How to Create a Bar Chart in Python with MatPlotLib?
Why create a bar chart in Python with MatPlotLib?
A bar chart is one of the most popular visualizations you’ll ever come across, as it represents information in a clear and straightforward way. You’ll be hard pushed not to find a bar chart during corporate business meetings, science seminars or even during news broadcasts. As such, bar charts are an inseparable part of data visualization, whether you’re working in the newsroom viz department, as a BI analyst or as a data scientist. And no matter which visualization tool you choose (and there seems to be an ever-increasing number of those), they are all well equipped to handle a bar chart.
However, if you’re working as a data scientist, most likely, you’ll be analyzing data in Python. Since data preprocessing, analysis and prediction are performed in Python, it only makes sense to visualize the results on the same platform. And it’s exactly why we’ve dedicated this tutorial to the creation of your very own bar chart in Python.
We’ll rely on one of the most popular data visualization techniques in Python: using the PyPlot module of MatPlotLib to craft the chart. But that’s not all, because we’ll also make use of another visualization library — Seaborn — and borrow its aesthetics to achieve an even better visual result.
So, let’s dive right in!
How to Load a Dataset in Python Using Pandas?
As with any programming task, we must begin by importing the libraries we’ll need. To create our bar chart, the two essential packages are Pandas and MatPlotLib.
We import ‘pandas’ as ‘pd’. Pandas is a widely used library for data analysis and is what we’ll rely on for handling our data.

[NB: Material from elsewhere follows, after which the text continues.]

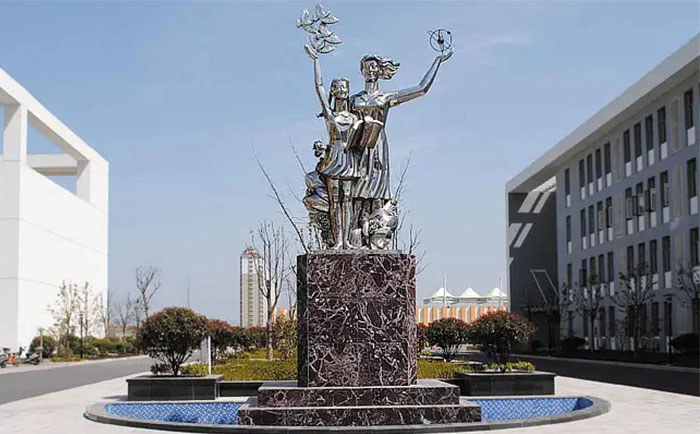 校园星空体育娱乐莱切赞助商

Then, we also import ‘matplotlib.pyplot’ as ‘plt’. MatPlotLib is the library we’ll be using for visualization.
Now that we are all set, we can proceed with acquiring the data to display on our chart. In our case, the data represents ads for second-hand automobiles and is aptly names ‘used cars.csv’. We can read the file using the Panda’s read_csv() method.
When we check to see what our data contains, we can notice it is comprised of two columns. The first represents the car brand, while the second — the number of car advertisements of that brand. This dataset is rather simplistic, but extremely fitting for an introduction into charts.
It’s time to relay this information in the form of a bar chart.
How to Make a Bar Chart in Python with MatPlotLib?
Luckily, the ‘PyPlot’ module from ‘MatPlotLib’ has a readily available bar plot function.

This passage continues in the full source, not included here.